A system of equations involves finding solutions for multiple equations that share common variables. When you have two or more equations, each with the same unknowns, you can use algebra to determine the values of these unknowns that satisfy all the equations simultaneously. In this exercise, we have two equations based on the woman's activities on Monday and Tuesday. Each equation relates her speeds to the distance covered in a given time.
The equations are:

• Monday: \( \frac{1}{2}r + \frac{1}{2}c = \frac{25}{2} \) (where \( r \) is her running speed and \( c \) is her cycling speed).
• Tuesday: \( \frac{1}{5}r + \frac{3}{4}c = 16 \).
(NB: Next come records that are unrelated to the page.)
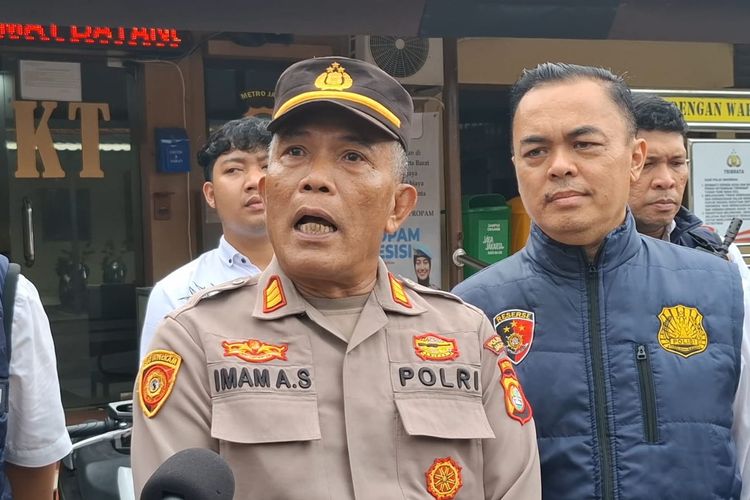 Tiga Pria Ngaku Polisi Rampas Motor- HP di Jakbar, Tuduh Korban Bawa Narkoba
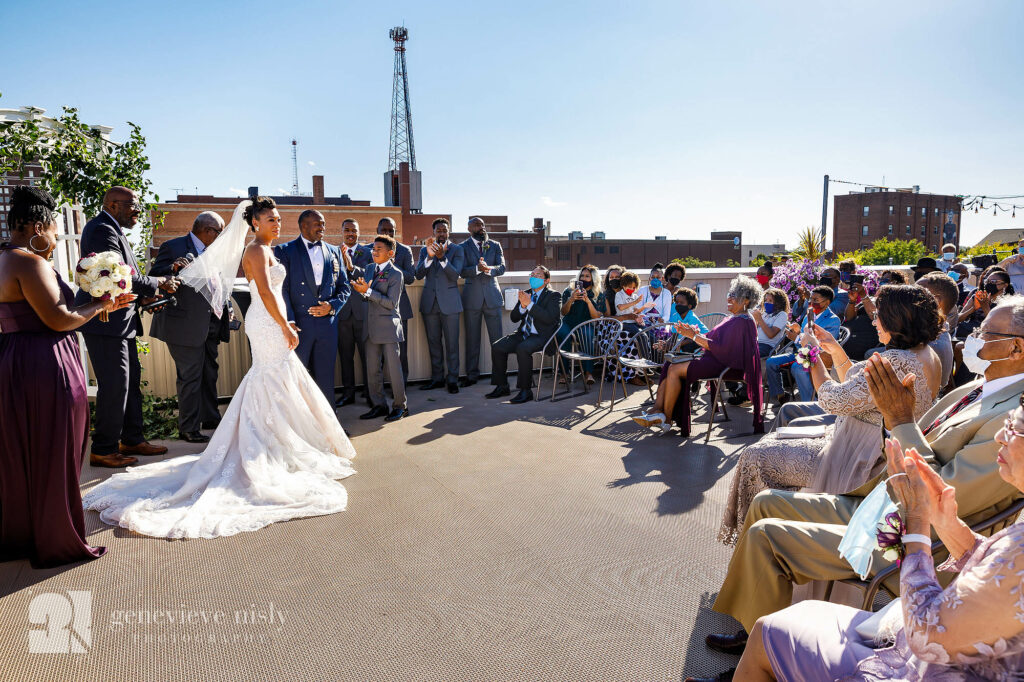 Rooftop wedding ceremony at the Metropolitan Centre in Canton, Ohio.
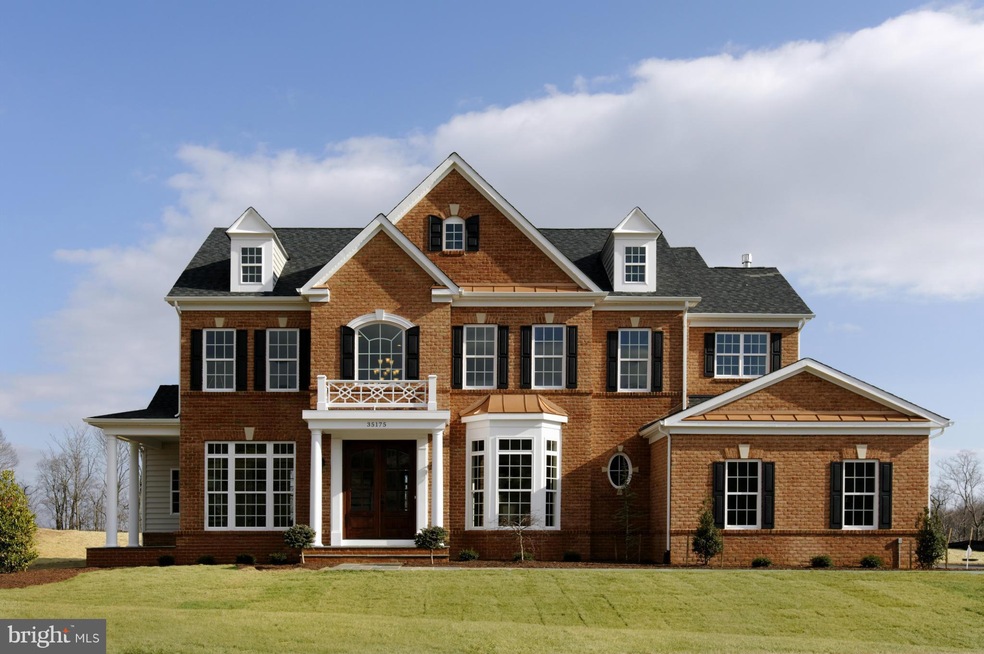 35175 Greyfriar Dr, Round Hill, VA 20141 - photo 1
To solve these, you can use substitution or elimination methods. In this example, substitution was employed by solving the first equation for one variable and substituting that value into the second equation. This technique helps to reduce complexity, isolating and focusing on one unknown at a time.

Understanding the relationship between distance, speed, and time is fundamental in solving problems involving motion. The formula is simple: \( \text{Distance} = \text{Speed} \times \text{Time} \). In this case, the woman covers different distances by running and cycling at constant speeds on different days. By knowing either speed or time and the total distance, you can calculate the unknown value.
For example:

• On Monday, she spends \( \frac{1}{2} \) hour at each activity, and the equation is \( \frac{1}{2}r + \frac{1}{2}c = \frac{25}{2} \).
• On Tuesday, the times are \( \frac{1}{5} \) hour running and \( \frac{3}{4} \) hour cycling, forming \( \frac{1}{5}r + \frac{3}{4}c = 16 \).

Recognizing these relationships allows you to formulate equations that describe the situation accurately. It's crucial to convert time into hours consistently, as speed is measured in miles per hour.

Algebraic manipulation is essential for solving equations like those in this exercise. Once you have the equations set up, you need to manipulate them to isolate the variable you're solving for.
Here’s a simplified procedure:

• Rewrite the first equation in terms of one variable (e.g., \( r + c = 25 \)).
• Use substitution to replace one variable in the second equation (e.g., substitute \( r = 25 - c \) into the second equation).
• Solve this simplified equation to find the value of one variable (\( c = 20 \)).
• Substitute this value back into one of the original equations to find the other unknown (\( r = 5 \)).

This step-by-step manipulation process transforms complex equations into simpler ones, revealing the solutions progressively. It’s a powerful skill that unlocks the ability to solve various algebraic equations.